Here is a pic of the same engine in a Ford truck with the temperature pickup guage installed in the block -- It is just in front of the oil filter assembly. 

One of the best things done by Ford on this tractors was to install an extra large cooling system. The tempature that you really want to monitor is your cylinderhead. Too hot and you will warp your cylinderhead and blow a headgasket. On your flathead, there is usually a flatboss up by the water outlet that it oftentimes drilled and tapped for a temp sensor by the brave. 
I have never done this myself, but I have seen it done numerous times. You can also install a "T" in the radiator upper hose for the temp sensor.


----------



## farmallb (Nov 6, 2003)

Okay,

Thanks guys. I guess I just need to invest in a new cooling system. This tractor overheats all the time when cutting with a 5 foot brushog.

Randy


----------



## Chris (Sep 15, 2003)

Oh yeah --- you have something else wrong there buddy. The N
should never overheat unless you have a major problem in the cooling system. Did you check the water flow out of the radiator?
Do you have a fan shroud? Is the radiator packed with debris?
Hopefully it is not something major. Let us know!!!!!

-Andy


----------



## farmallb (Nov 6, 2003)

Andy,

The radiator is not stock, my brother made it. It is a good radiator and the tractor ran fine for years with it. The water is flowing so I figure the water pump is working. 

It does not have a fan shroud. How much would that help? It didn't have one when we bought it, and hasn't had one since. That has been around 20 years.

The radiator is not packed with debris. It is very clean between the fins.

How do you suggest I check the flow of water out of the radiator?

Are there any good additives to use that would clean out the inside of the radiator without having to remove it and have it professionally cleaned?

Thanks for all of the help.

Randy


----------



## Ingersoll444 (Sep 17, 2003)

Hey Andy, what year did Ford use that engen in a truck?
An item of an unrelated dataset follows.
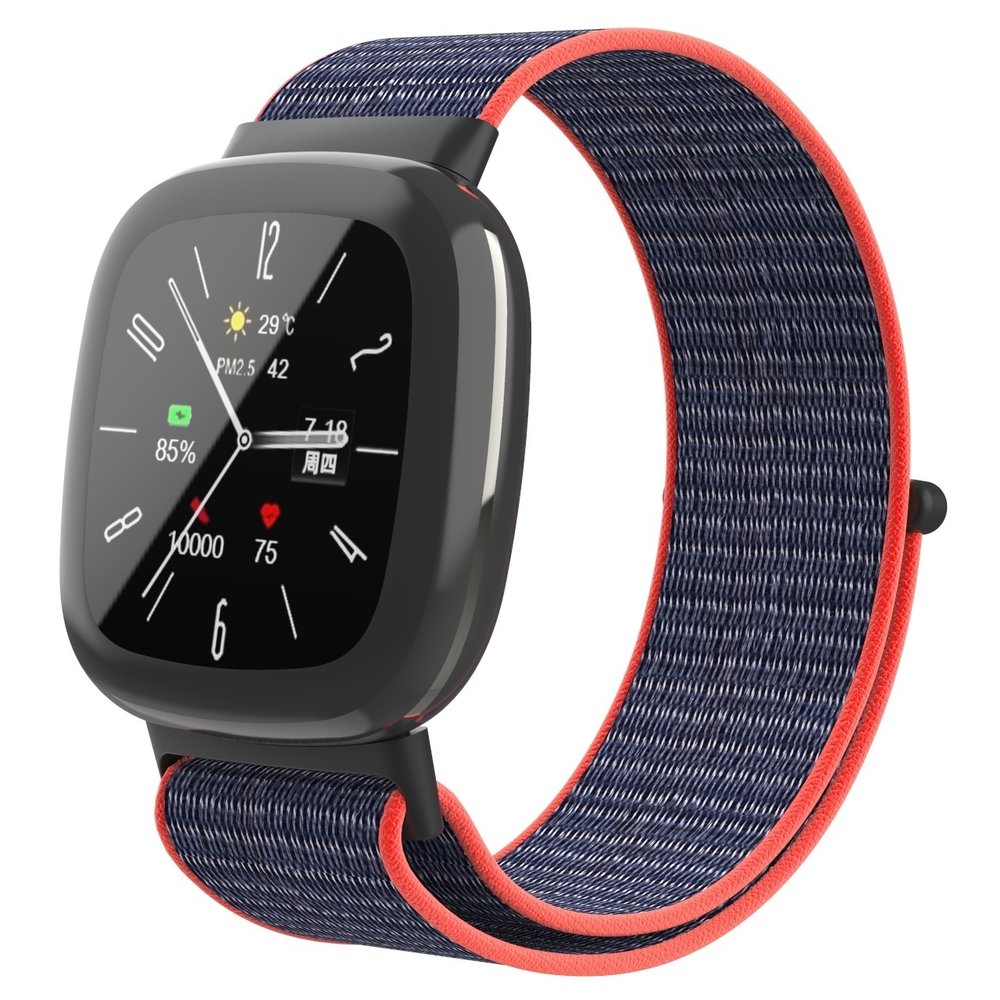 Strap-it Strap-it Bracelet nylon Fitbit Versa 4 (rose/indigo)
Always wonderd if they used it in anything else.


----------



## funkyford (Dec 31, 2004)

*'41 truck with 4 cyl.*

Paul,
I know that you could get a 4 in the '41. I don't know of any others. It was said that they were mostly city delivery panel trucks.


----------



## Ingersoll444 (Sep 17, 2003)

cool thanks. Always figured they would not wast tooling, and use that motor in something else.


----------



## Ingersoll444 (Sep 17, 2003)

Popping this up becouse I am thinking of adding a guage to mine.[Why? who knows. I have the guage and figure"what the heck" ] Now my N does not have that boss on the side like the later ones had. Anyone hear of drilling a head without that boss? I would much rather mount the snesor in the head, beciuse thats the most important place for it.


----------